As crypto investors keep an eye on potential spot Bitcoin ETF approvals from the US, South Korea’s top financial regulator is proposing changes to the country’s credit finance laws to ban the purchase of cryptocurrencies with credit cards. This move is aimed at addressing concerns over illegal capital outflows and money laundering, which have been highlighted following several high-profile crypto bankruptcies in 2022.
The Financial Services Commission (FSC) of South Korea expressed worries about South Korean citizens buying crypto from foreign exchanges, which could lead to illegal capital flight and money laundering. The FSC is currently seeking public opinion on the proposal until February 13, with the plan expected to undergo review and resolution before implementation in the first half of the year.
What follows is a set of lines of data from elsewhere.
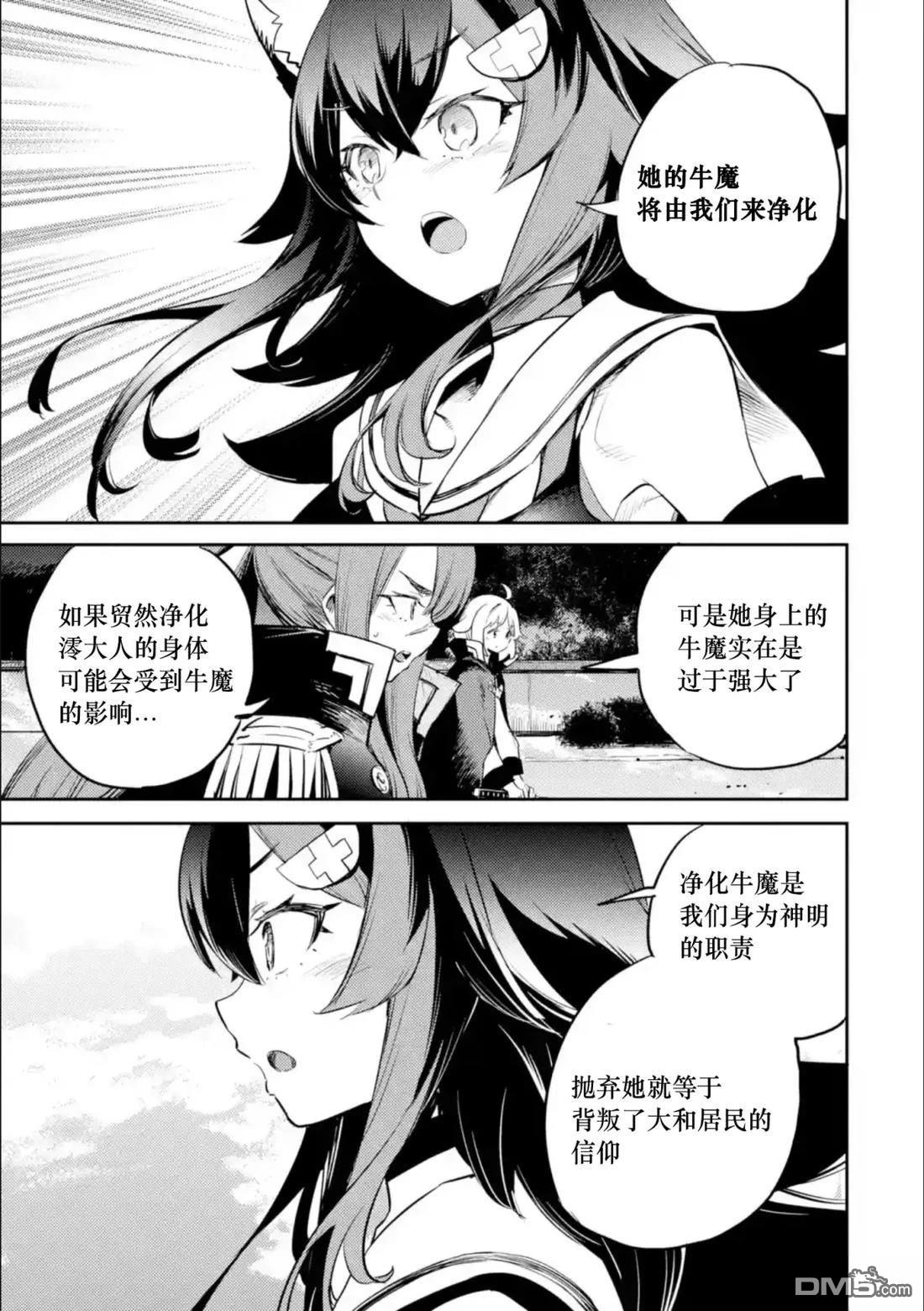Holoearth Chronicles SideE 大和神想怪异谭 第15话 第3页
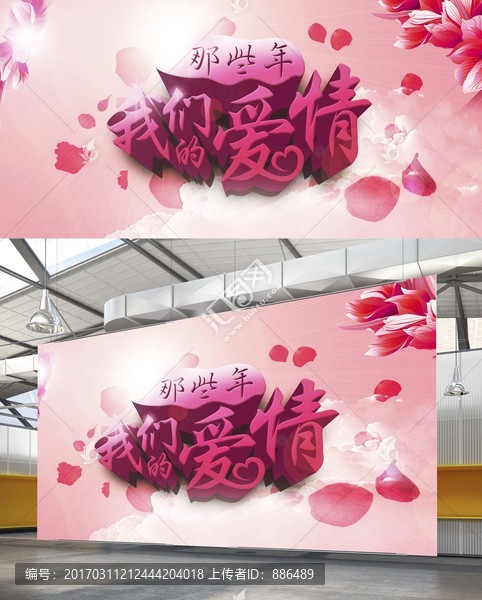 我們的愛(ài)情,情人節(jié),愛(ài)情類(lèi)主題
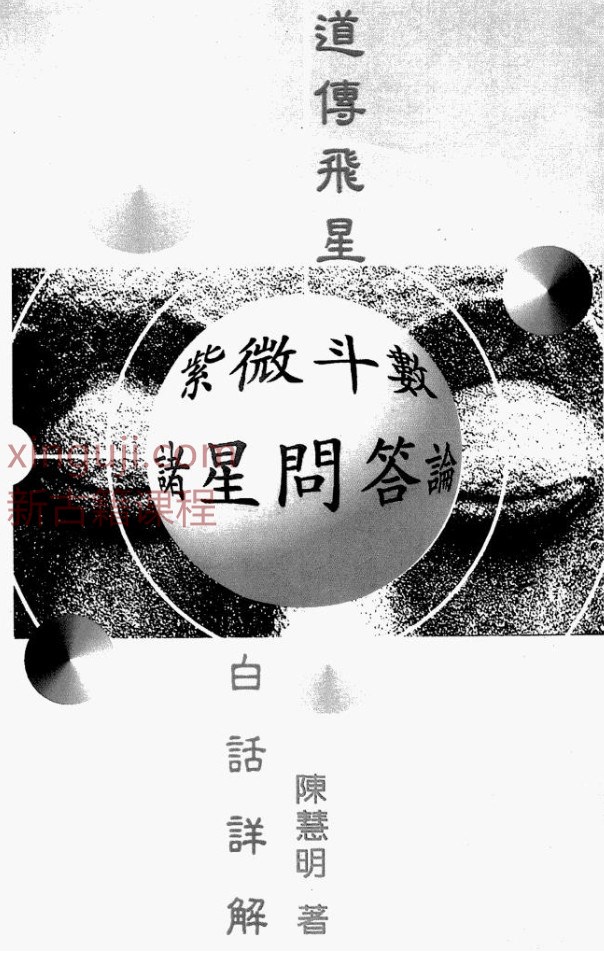 陈慧明–道传飞星紫微斗数诸星问答论注解.pdf插图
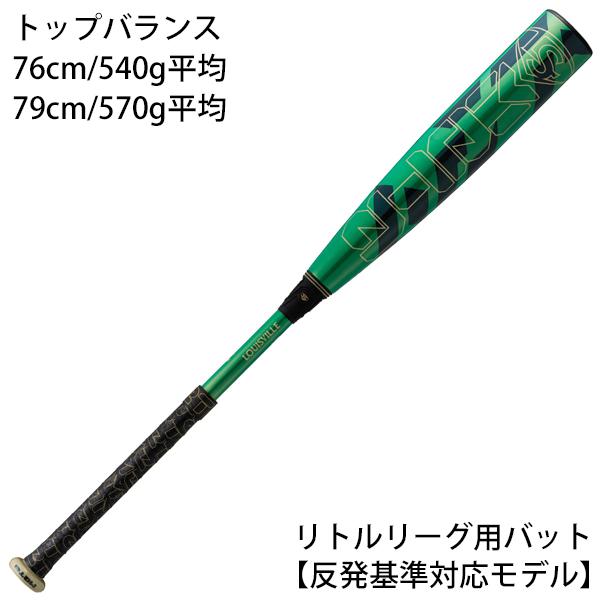 ルイスビルスラッガー 少年硬式 バット Meta リトルリーグ用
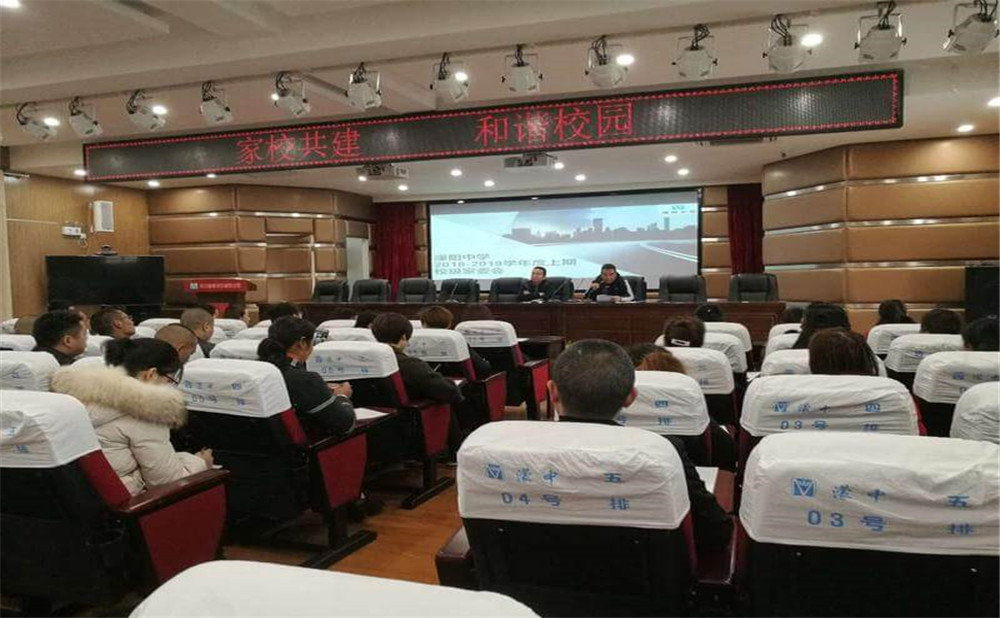 濛陽中學(xué)高中一年的學(xué)費(fèi)是多少？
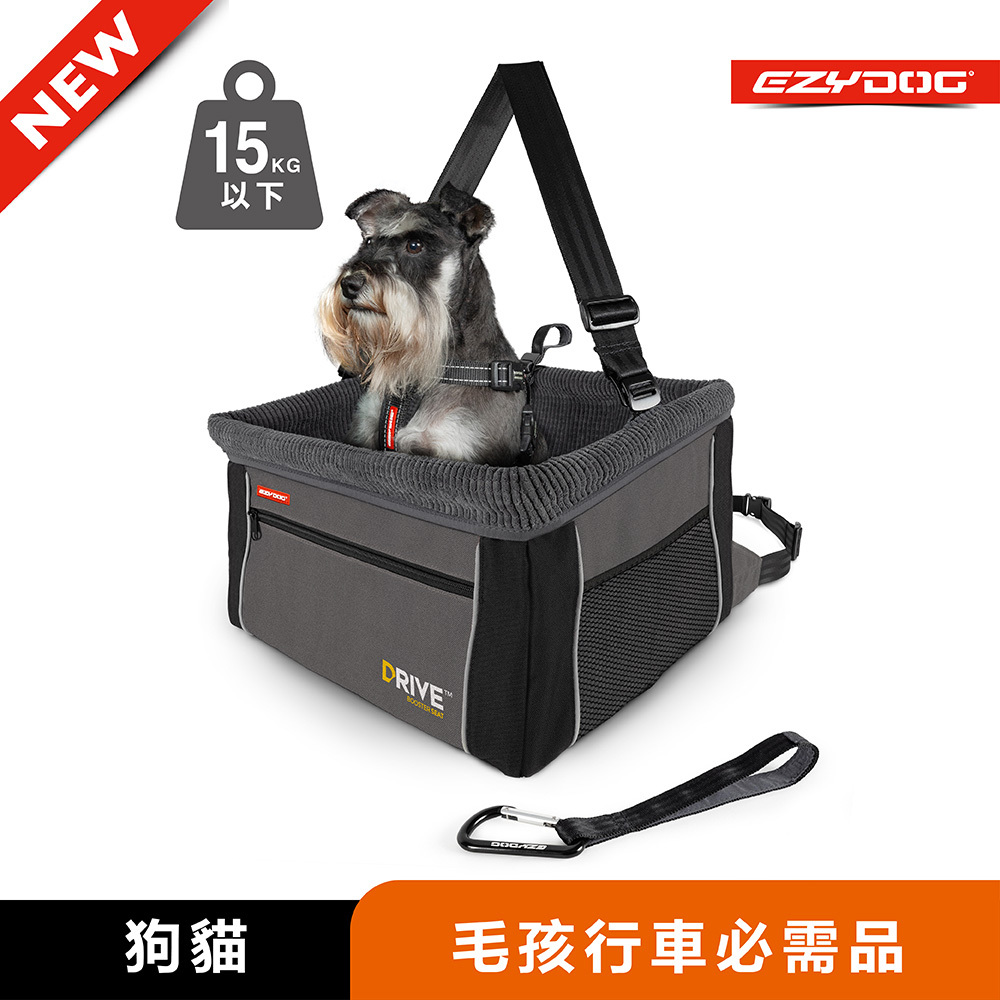 【福爾摩沙寵物精品】澳洲 EzyDog 專業寵物車用汽座｜全車款通用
According to local news agency Yonhap, current laws only allow local crypto exchanges to facilitate transactions between verified deposit and withdrawal accounts. However, these rules do not apply to foreign crypto exchanges, which has been a regulatory loophole.
The push for crypto regulations remains a hot topic, especially in developed countries, due to fears of money laundering and the collapse of crypto firms. The failure of Terra Luna and the subsequent bankruptcy of the US-based crypto exchange FTX, which affected hundreds of thousands of users, have spurred on regulatory actions.
As a result of these regulations, crypto companies have been forced to cease operations in several countries, including the US and the UK. However, those that have completed their licensing applications have managed to regain investor trust.